J’ai aussi la chance de travailler dans un petit établissement, avec des collègues qui sont pour beaucoup des amis, ce qui fait que les interactions entre nous sont nombreuses et fluides. Nous évoquons ainsi régulièrement le cas de tel ou tel élève qui le nécessite, sans formalisme.
Dans mon collège, depuis la réforme de 2016, nous n’évaluons plus que par compétences, tout au long du cycle 4. Les notes obtenues en 4ème et 3ème n’étant plus prises en compte pour l’attribution du DNB (en fonctionnement normal), nous avons préféré abandonner la notation chiffrée et nous investir dans une évaluation des compétences du socle au quotidien, dans nos disciplines. Cela se passe aussi au travers des différentes actions menées par nos élèves et dans la vie du collège en général. Ce travail a nécessité beaucoup d’investissement à toute l’équipe pour s’approprier ce mode de fonctionnement. Ce principe d’évaluation est maintenant rentré dans les mœurs, tant au niveau des collègues que des familles.
Alors découvrir aujourd’hui que le ministère envisage de remplacer les 400 points des épreuves terminales par 300 points issus des moyennes des élèves, m’a mis en colère !
C’est non-seulement impossible pour nous qui ne notons plus nos élèves, mais ça traduit surtout une certaine ignorance en haut lieu de ce qui se pratique réellement sur le terrain. Il me semble qu’étant donné l’annulation des épreuves terminales cette année, la logique aurait été d’attribuer le DNB sur la base des 400 points de l’évaluation du socle commun, qui reflète le travail d’un élève sur toute la durée du cycle 4 (5ème, 4ème, 3ème).

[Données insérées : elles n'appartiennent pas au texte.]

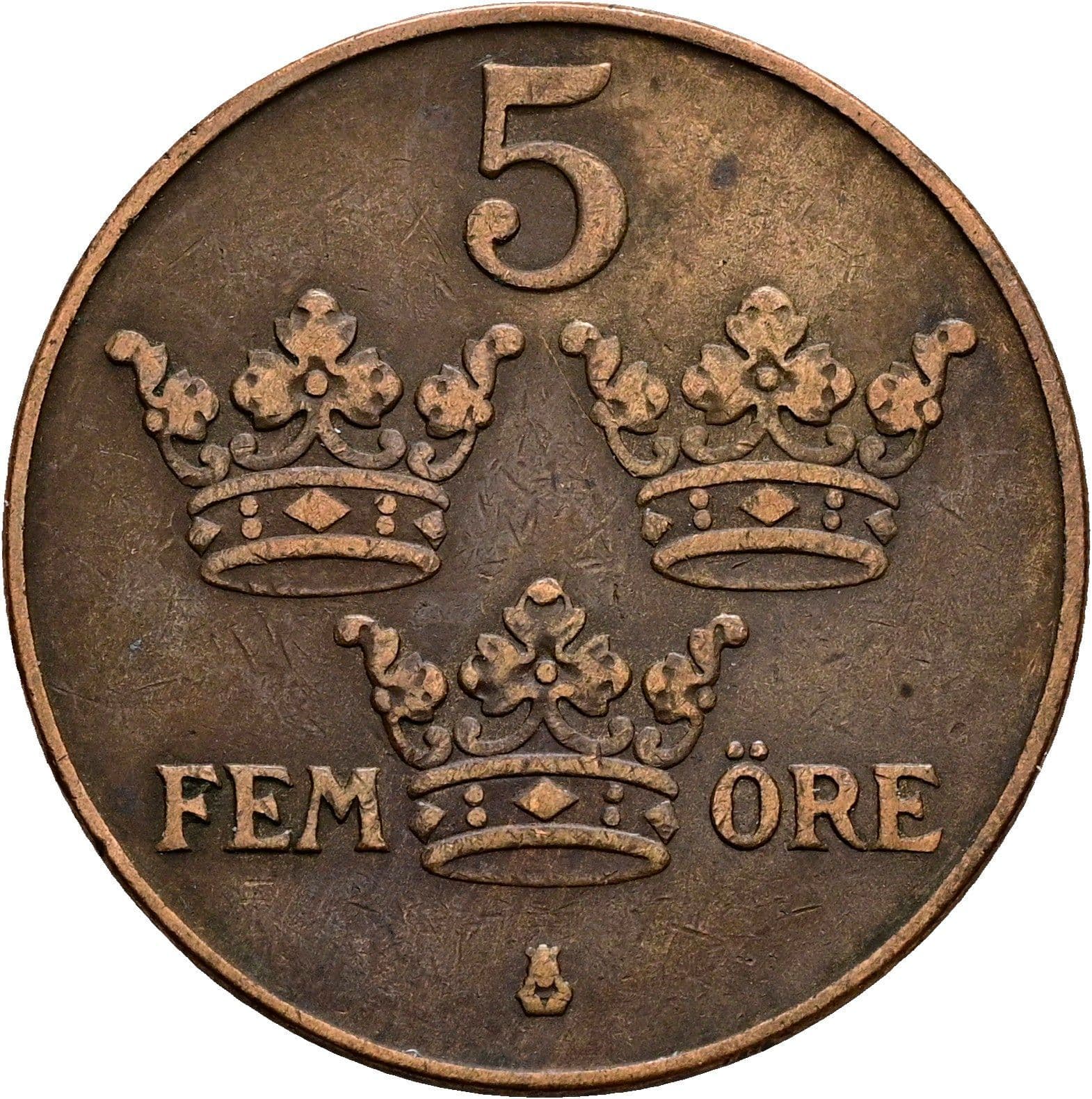 5 Öre Gustaf V. 1907-1950 1935 – Vorderseite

J’attends de mon syndicat une vigilance vis-à-vis des propositions faites par les autorités, tant sur le plan pédagogique que sur le plan de l’organisation liée à la situation sanitaire. Cette vigilance doit être basée sur des positions rationnelles, et non sur la peur et l’émotion que suscite légitimement cette période et la « rentrée » qui s’annonce. Les angoisses individuelles des enseignants, des élèves et de leurs familles sont bien compréhensibles. En tant que syndicat, nous devons réfléchir à la meilleure façon de reprendre nos missions de fonctionnaire dans nos établissements pour permettre un retour progressif vers une situation plus « normale ».
Il faudra veiller à ce que les contraintes imposées par la situation sanitaire soient conciliables avec un fonctionnement relativement apaisé et pas trop anxiogène pour tous, élèves comme adultes.